Curious about how others navigate their sobriety journey? This conversation between counsellors Ben Derrick and Roane Hunter looks at what resilience really means when life blows up through addiction, betrayal and trauma. Rather than treating resilience as a trendy buzzword, they define it simply as "the ability to be able to bounce back" and tie it directly to recovery, faith and emotional honesty.

You’ll hear them contrast being victimised with living in a victim mindset, and why Roane calls resilience "the antidote to victimhood". They unpack how rigid religious systems, shame and automatic negative thoughts can keep people stuck in cycles of addiction or endless crisis, even when they’re doing all the "right" spiritual activities. The episode speaks especially to men, couples and betrayed partners who feel like they "don’t have what it takes" to heal.

Ben talks about meeting clients who secretly believe, "I’m the kind of man who can’t handle this," and challenges that lie with the idea that God has planted resilience in everyone. Roane brings in passages like Romans 8:28 and Psalm 23 to show how acceptance, grief and reframing suffering can become part of genuine growth rather than another reason to shut down.

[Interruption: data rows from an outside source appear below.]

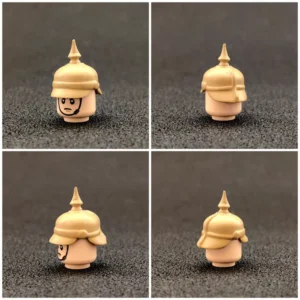Custom Piece Miniature – German Pickelhaube Spiked Helmet tan or desert sand – 3D Print for LEGO minifigure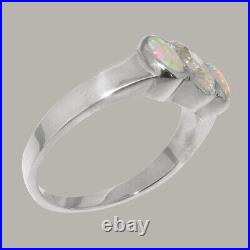 Solid 925 Sterling Silver Cubic Zirconia & Opal Womens Trilogy Ring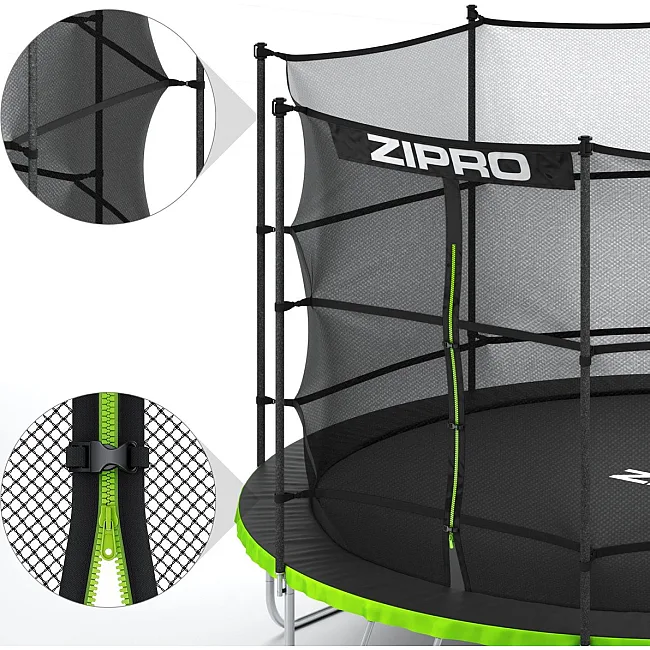 Батут Zipro Jump Pro с внутренней сеткой 8 футов 252 см черно-зеленый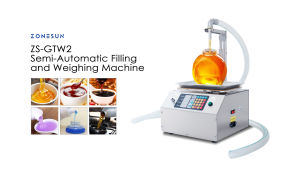 ZONESUN ZS-GPGT1C เครื่องบรรจุและชั่งน้ำหนักแบบกึ่งอัตโนมัติสำหรับปั๊มเกียร์และพาสต้า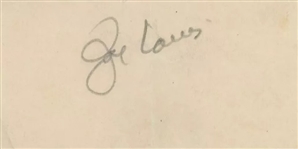 Joe Louis Vintage Signed 3.5 x 2 Album Page (Third Party Guaranteed)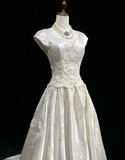 Vintage Wedding Dress 1950s 1940s Ball Gown V Neck Lace White Long Wedding Dresses Bridal Gowns Brides Gown HZ1121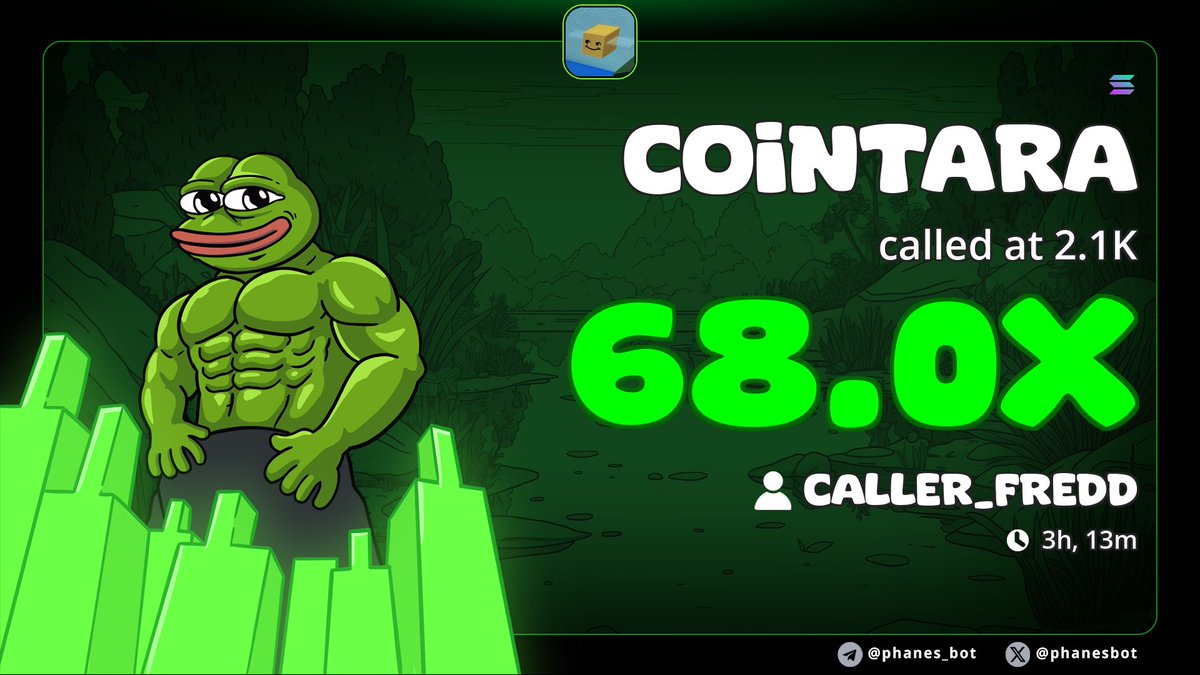 caller_fredd9's tweet photo. 68X on my TG call on $COINTARA

Early ca always on TG group

Join our VIP group to get early alpha calls on trending memecoins before they take off 

7KEyytbnnZCnoZ3QpLgH2gnoGdu864GBw2Q94AoRpump

Dm now let's get you started 
https://t.co/1vbymjDoHx

#memecoin1000x #solana #degen https://t.co/9hMK3uIw8V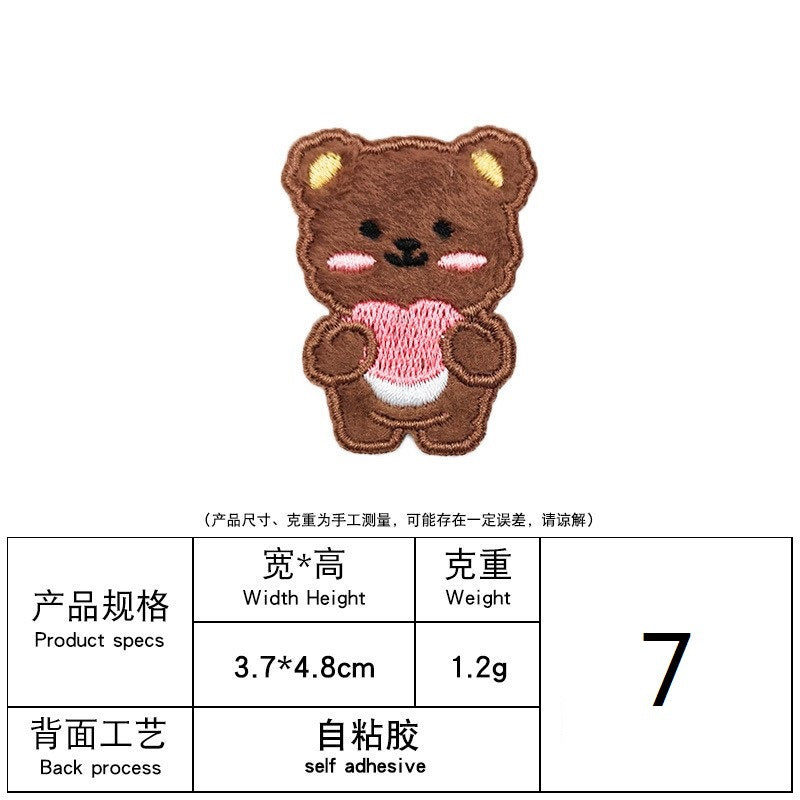 Wholesale Computer embroidered plush cartoon bear patch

There’s also plenty of straight-talking humour: shots fired at fake, image-driven church culture, "Fakebook" perfection, and religious rigidity that Ben likens to "spiritual welfare". Yet underneath the banter is a steady message of grace, honest community and slow, practical change—catching negative thought patterns, learning flexibility, and letting trusted people speak into your blind spots.

If you’ve been sitting in the "sit and soak" of pain, still attending therapy or church but feeling no movement, this conversation might prompt you to ask a different question: what would it look like to stop living as a victim and start building resilience one honest step at a time?